Segment Start: RECORDS FOR THIS EXERCISE

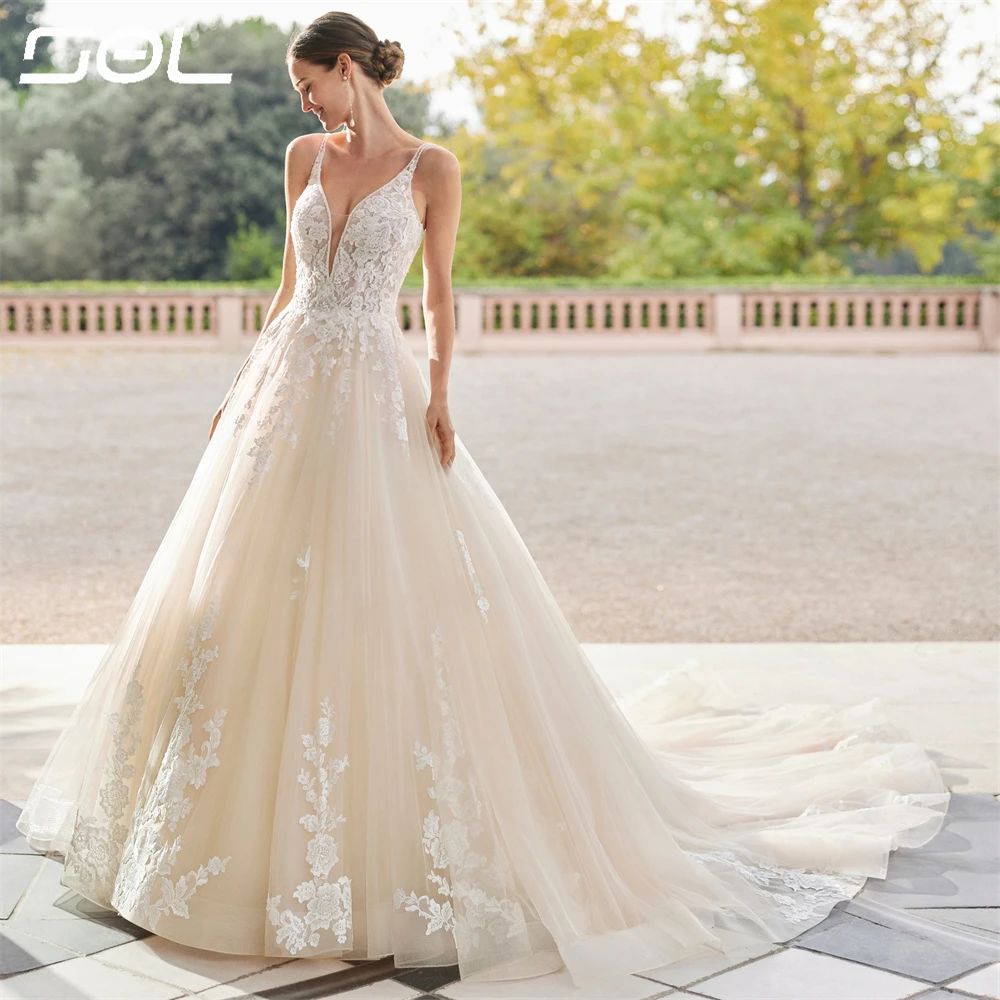 SOL-Robes de mariée en tulle à col en V profond, appliques en dentelle, bretelles spaghetti, élégantes, dos nu, A-ligne, patients, quoi que ce soit, éducatif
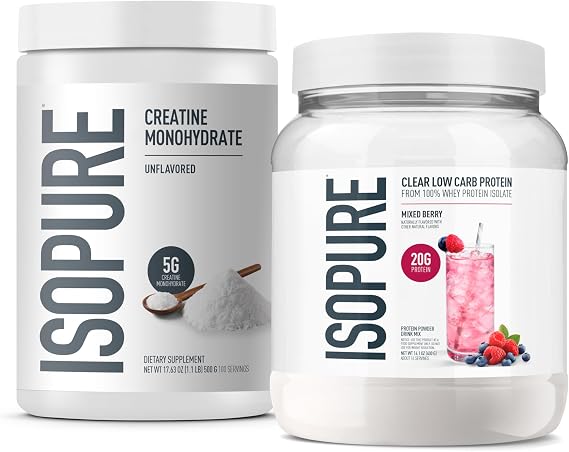 Isopure Bundle of Clear Whey Isolate Protein Powder, Mixed Berry,16 Servings 100% Pure Creatine Monohydrate Powder, Unflavored, 100 Servings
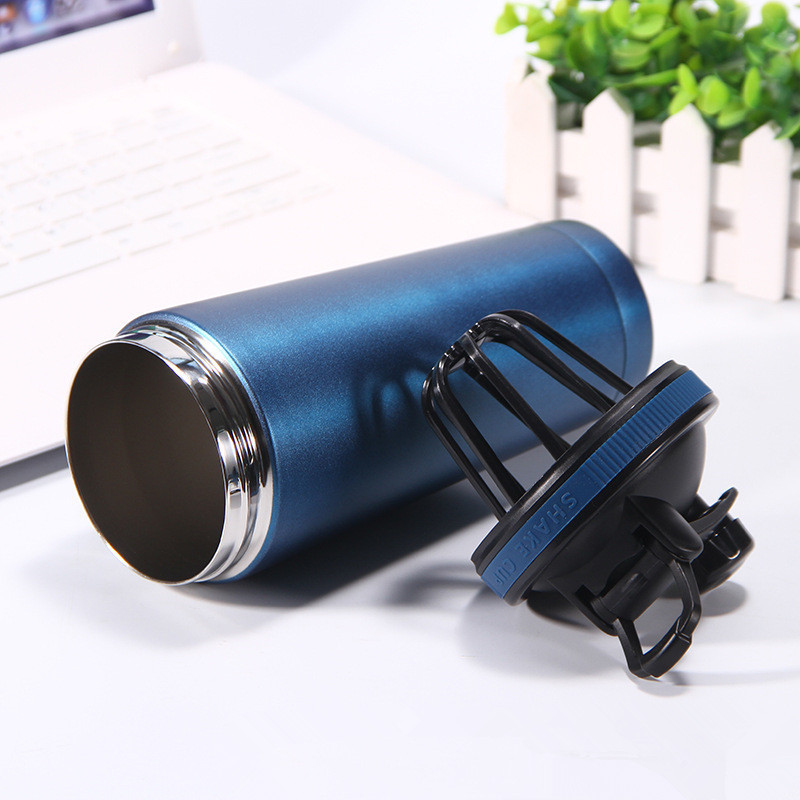 740ml Stainless Steel Double Wall Insulated BPA Free Sports Gym Vacuum Flask EU Certified Manufacturer Protein Powder Shaker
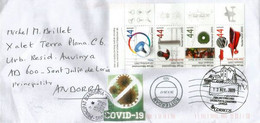 Lettre Des Pays-Bas, Arrivée Andorra Pendant Lockdown Coronavirus, Avec Vignette Prevention Virus + Timbres à Date Local - Cartas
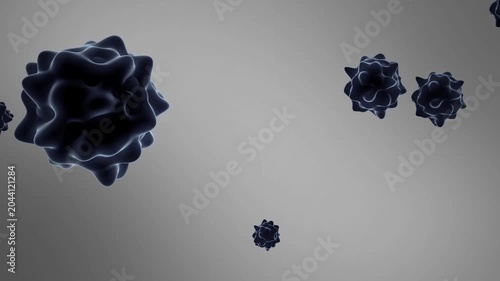 Microscopic Virus or Bacteria Cells Floating on Gray Background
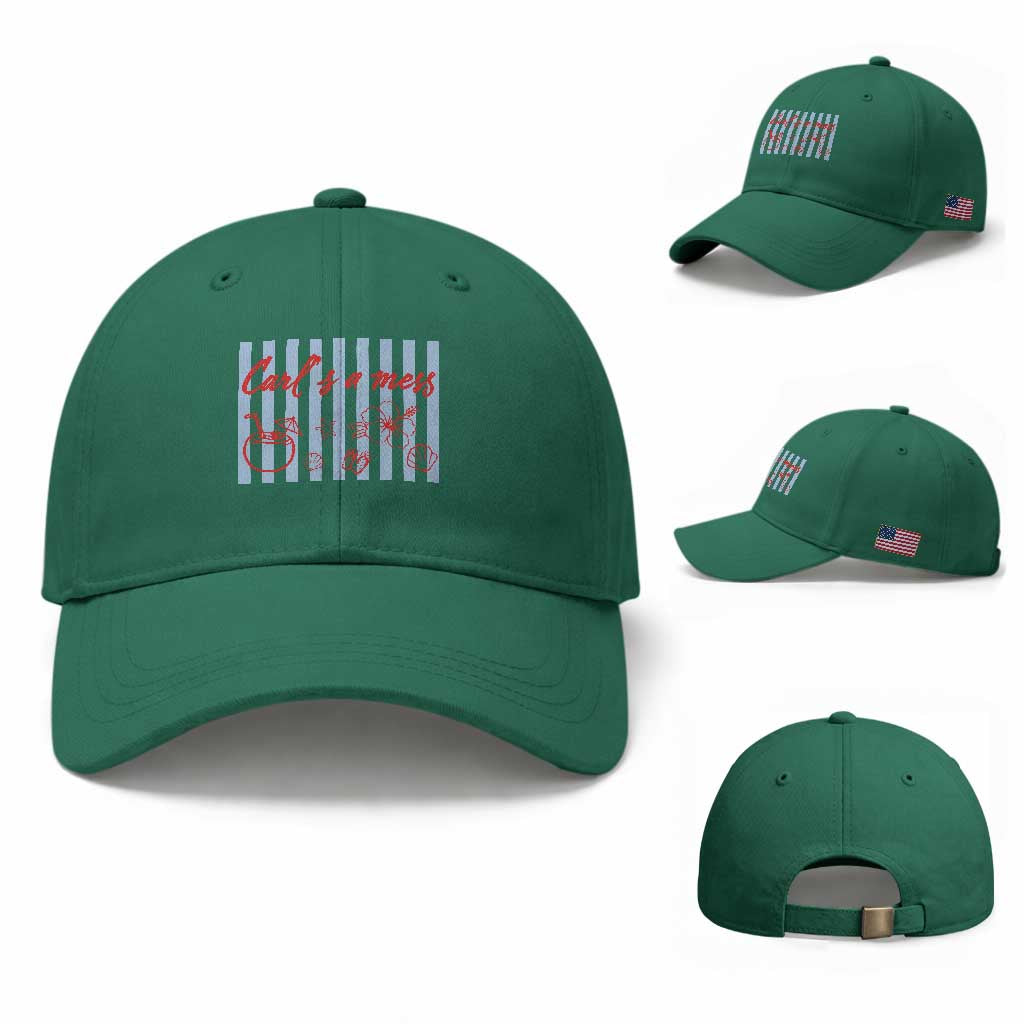Carl's a Mess Baseball Cap Viral Sarcastic Reality TV TS14 Baseball Cap Universal Fit Irish Green Print Your Wear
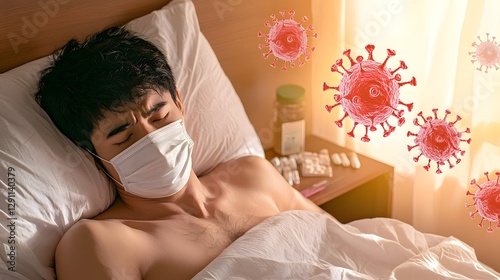 Obraz na płótnie A visibly weak man lies in bed wearing a face mask with a cluttered bedside table full of flu medication Golden sunlight filters through the curtains as influenza virus particles float in the air w salonie
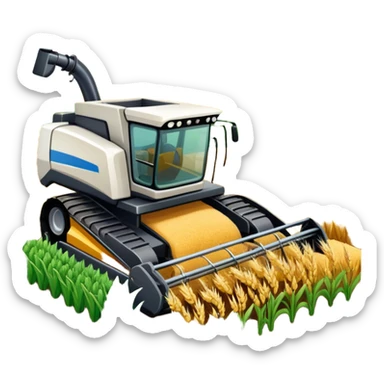 An icon featuring a wheat field, fertilizer formulas, and plant cells, a microscope and soil layers, symbolizing agronomy. The design includes a combine harvester, representing plant science, crop management, and sustainable farming practices. Transparent background highlights agricultural research sticker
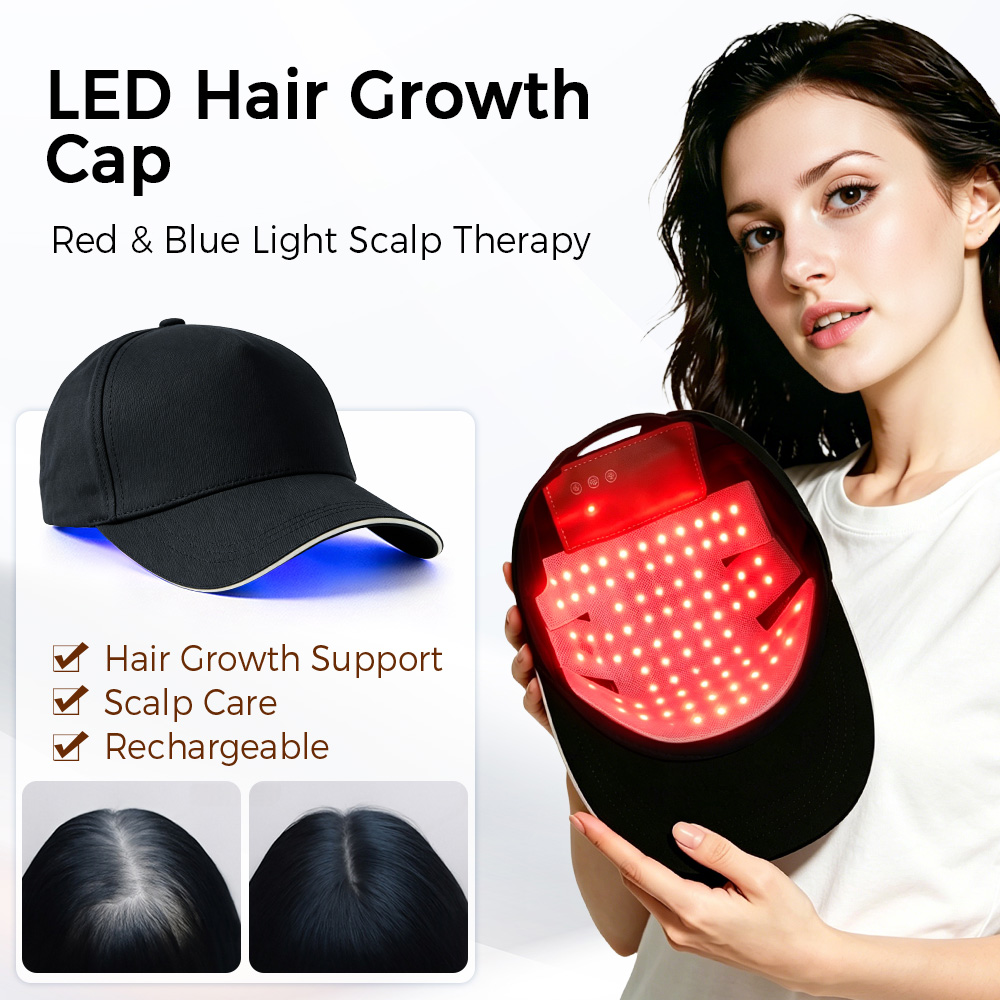 Hair Care With Protein - LED Haar Groei Cap Rood Blauw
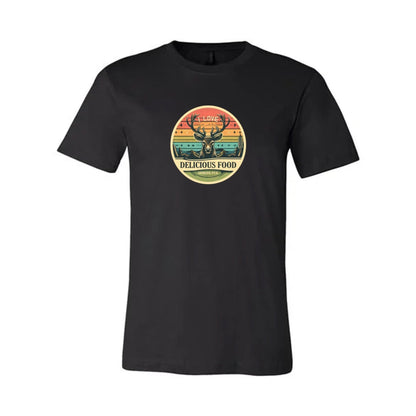 T-shirt: hunting game for food, Genesis 27:4 colorful hunting graphic tee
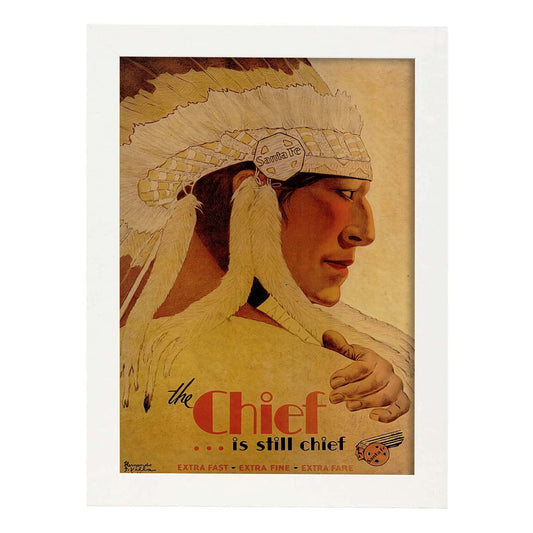 Poster vintage de Jefe Nativo. con imágenes vintage y de publicidad antigua.-Artwork-Nacnic-A4-Marco Blanco-Nacnic Estudio SL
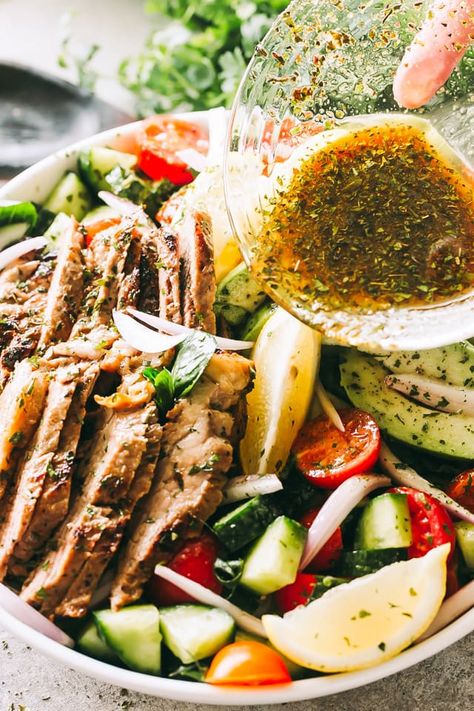 Steak Salad Dressing, Steak Salad Recipe, Crispy Oven Fried Chicken, Seared Salmon Recipes, Protein Veggies, Grilled Ribeye Steak, Skirt Steak Recipes, Weekly Menu Plan, Chimichurri Recipe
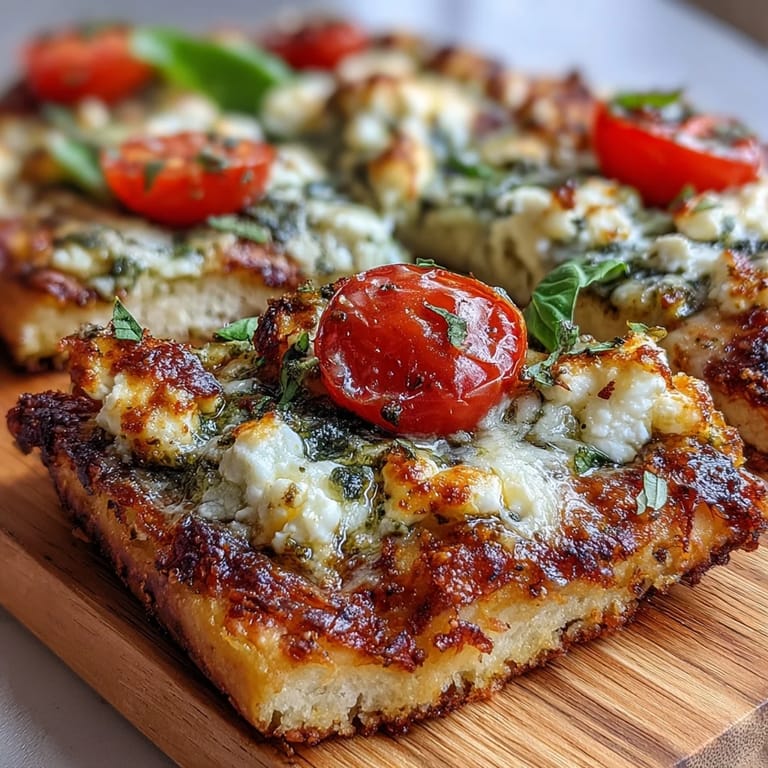 Golden viral cottage cheese flatbread spread with pesto, ready to be sliced and devoured.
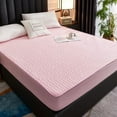 thumbnail image 1 of Waterproof Thicken Mattress Pad Protector Adjustable Fitted Sheets Bed Covers Anti-bacterial Pad for Bed 120x200 160x200 180x200 (Pink,200x220x30cm), 1 of 7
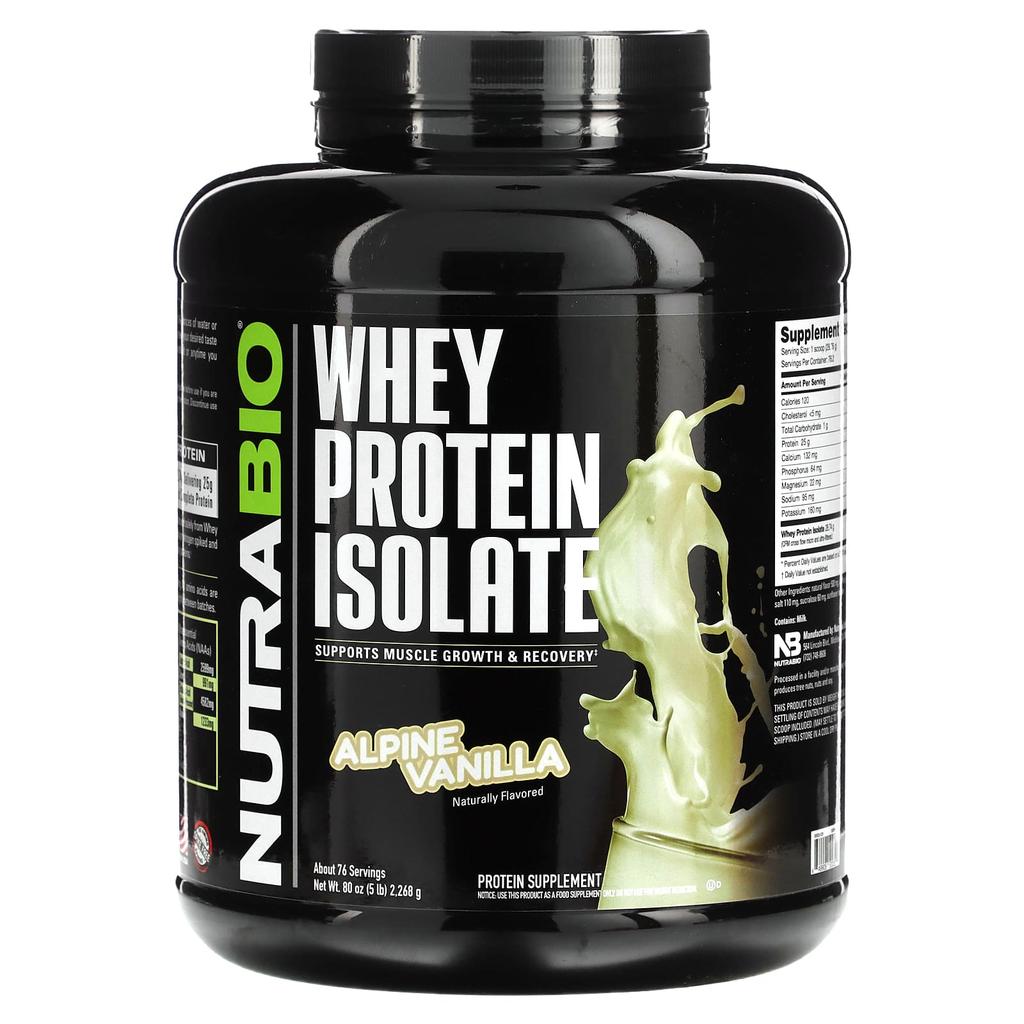 NutraBio Whey Protein Isolate, Alpine Vanilla, 2,268 G (5 Lb)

Segment End: RECORDS FOR THIS EXERCISE

◆ **WORK INSTRUCTION**
Write out the data word for word, with every picture dropped.

◆ **OUTPUT FOR THIS EXERCISE**
 SOL-Robes de mariée en tulle à col en V profond, appliques en dentelle, bretelles spaghetti, élégantes, dos nu, A-ligne, patients, quoi que ce soit, éducatif
 Isopure Bundle of Clear Whey Isolate Protein Powder, Mixed Berry,16 Servings 100% Pure Creatine Monohydrate Powder, Unflavored, 100 Servings
 740ml Stainless Steel Double Wall Insulated BPA Free Sports Gym Vacuum Flask EU Certified Manufacturer Protein Powder Shaker
 Lettre Des Pays-Bas, Arrivée Andorra Pendant Lockdown Coronavirus, Avec Vignette Prevention Virus + Timbres à Date Local - Cartas
 Microscopic Virus or Bacteria Cells Floating on Gray Background
Carl's a Mess Baseball Cap Viral Sarcastic Reality TV TS14 Baseball Cap Universal Fit Irish Green Print Your Wear
 Obraz na płótnie A visibly weak man lies in bed wearing a face mask with a cluttered bedside table full of flu medication Golden sunlight filters through the curtains as influenza virus particles float in the air w salonie
 An icon featuring a wheat field, fertilizer formulas, and plant cells, a microscope and soil layers, symbolizing agronomy. The design includes a combine harvester, representing plant science, crop management, and sustainable farming practices. Transparent background highlights agricultural research sticker
 Hair Care With Protein - LED Haar Groei Cap Rood Blauw
 T-shirt: hunting game for food, Genesis 27:4 colorful hunting graphic tee
 Poster vintage de Jefe Nativo. con imágenes vintage y de publicidad antigua.-Artwork-Nacnic-A4-Marco Blanco-Nacnic Estudio SL
 Steak Salad Dressing, Steak Salad Recipe, Crispy Oven Fried Chicken, Seared Salmon Recipes, Protein Veggies, Grilled Ribeye Steak, Skirt Steak Recipes, Weekly Menu Plan, Chimichurri Recipe
 Golden viral cottage cheese flatbread spread with pesto, ready to be sliced and devoured.
 thumbnail image 1 of Waterproof Thicken Mattress Pad Protector Adjustable Fitted Sheets Bed Covers Anti-bacterial Pad for Bed 120x200 160x200 180x200 (Pink,200x220x30cm), 1 of 7
 NutraBio Whey Protein Isolate, Alpine Vanilla, 2,268 G (5 Lb)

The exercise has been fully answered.